Secondo lo scrittore israeliano, infatti, è bastato un solo fallimento nel percorso di pace per far perdere al Paese, ai suoi leader e alla popolazione, il coraggio e la speranza. “È interessante notare - sostiene Grossman - che sebbene Israele abbia tentato la via della pace con i palestinesi soltanto una volta, nel 1993, è come se avesse deciso di rinunciare per sempre a perseguire questa possibilità dopo quel fallito tentativo. Anche qui entra in gioco la logica della disperazione. La strada della guerra, dell’occupazione, del terrorismo, dell’odio, l’abbiamo provata decine di volte senza stancarci né scoraggiarci. Come mai invece ci affrettiamo a respingere definitivamente quella pace dopo un solo fallimento?”.

Grossman esorta, a maggior ragione ora che la disperazione appare sempre più diffusa e risoluta, a continuare a sognare la pace, ad affidarsi a una speranza che, senza ignorare i pericoli, si rifiuti di vedere solo le difficoltà. Una speranza, insomma, in grado di aprirsi all’altro e di riscoprire l’umanità.

Ci sono i razzi lanciati dalla striscia di Gaza, le reazioni di Israele, le violenze e le parole di odio. Esistono però anche esempi concreti di questa speranza. La vediamo, come nota anche Antonio Ferrari sul Corriere della Sera, nella mano tesa tra i parenti di uno dei ragazzi ebrei uccisi e quelli del palestinese bruciato vivo per rappresaglia. “Non c’è differenza tra sangue e sangue” aveva dichiarato giorni fa la famiglia del giovane israeliano Naftali Yaakov Frenkel.

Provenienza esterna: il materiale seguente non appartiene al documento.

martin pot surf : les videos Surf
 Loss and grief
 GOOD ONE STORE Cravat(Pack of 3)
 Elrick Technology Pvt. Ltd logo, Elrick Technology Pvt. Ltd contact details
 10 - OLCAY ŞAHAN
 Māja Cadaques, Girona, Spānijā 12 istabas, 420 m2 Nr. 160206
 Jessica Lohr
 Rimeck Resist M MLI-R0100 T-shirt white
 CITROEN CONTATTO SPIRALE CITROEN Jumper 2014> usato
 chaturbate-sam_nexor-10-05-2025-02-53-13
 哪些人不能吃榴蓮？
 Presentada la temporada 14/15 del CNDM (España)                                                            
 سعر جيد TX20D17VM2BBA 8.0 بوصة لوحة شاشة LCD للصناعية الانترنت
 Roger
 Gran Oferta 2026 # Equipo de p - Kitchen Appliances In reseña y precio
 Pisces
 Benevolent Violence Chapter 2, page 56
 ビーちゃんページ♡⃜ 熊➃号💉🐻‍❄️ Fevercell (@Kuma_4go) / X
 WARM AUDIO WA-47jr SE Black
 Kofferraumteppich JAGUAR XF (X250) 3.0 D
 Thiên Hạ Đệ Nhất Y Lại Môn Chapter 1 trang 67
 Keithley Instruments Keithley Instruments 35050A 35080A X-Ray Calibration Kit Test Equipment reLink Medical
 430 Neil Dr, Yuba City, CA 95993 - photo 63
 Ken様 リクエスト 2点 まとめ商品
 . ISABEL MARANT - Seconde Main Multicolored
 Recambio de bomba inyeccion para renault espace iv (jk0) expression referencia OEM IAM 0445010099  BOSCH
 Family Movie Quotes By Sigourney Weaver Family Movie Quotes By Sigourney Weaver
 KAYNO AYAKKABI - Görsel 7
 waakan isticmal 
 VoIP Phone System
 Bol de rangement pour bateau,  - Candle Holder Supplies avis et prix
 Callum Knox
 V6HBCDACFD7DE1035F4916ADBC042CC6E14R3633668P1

E mentre associazioni come Peace Now organizzano manifestazioni per esortare a porre fine alle violenze, i sindaci di 14 città ebraiche ed arabe si sono riuniti chiedendo di mantenere la calma condannando l’escalation di odio reciproco che sta attraversando il Paese. Chi dice no all’estremismo in favore di dialogo, tolleranza e coesistenza democratica sceglie di non abbandonarsi alla disperazione di cui parla Grossman, e non accetta con rassegnazione lo status quo, la sconfitta della propria umanità.

Intanto alla Conferenza per la Pace organizzata dal quotidiano Haaretz, Abu Mazen ricorda che “non può essere realizzata una pace giusta e duratura senza il rispetto dei diritti di ognuno, in entrambe le parti”, mentre Shimon Peres invita a concentrarsi sul futuro, per chiudere un conflitto che da troppi anni insanguina la regione.

Uscire quindi dalla disperazione e da un immobilismo che ha creato non solo violenza, ma anche una sorta di sospensione del giudizio morale da entrambe le parti, per riscoprire la speranza che, come sostiene Grossman, “se le fiamme del conflitto si affievoliranno, potrebbero ancora emergere, a poco a poco, i tratti sani ed equilibrati dei due popoli, sui quali comincerà ad agire il potere terapeutico della quotidianità, della saggezza della vita, del compromesso”.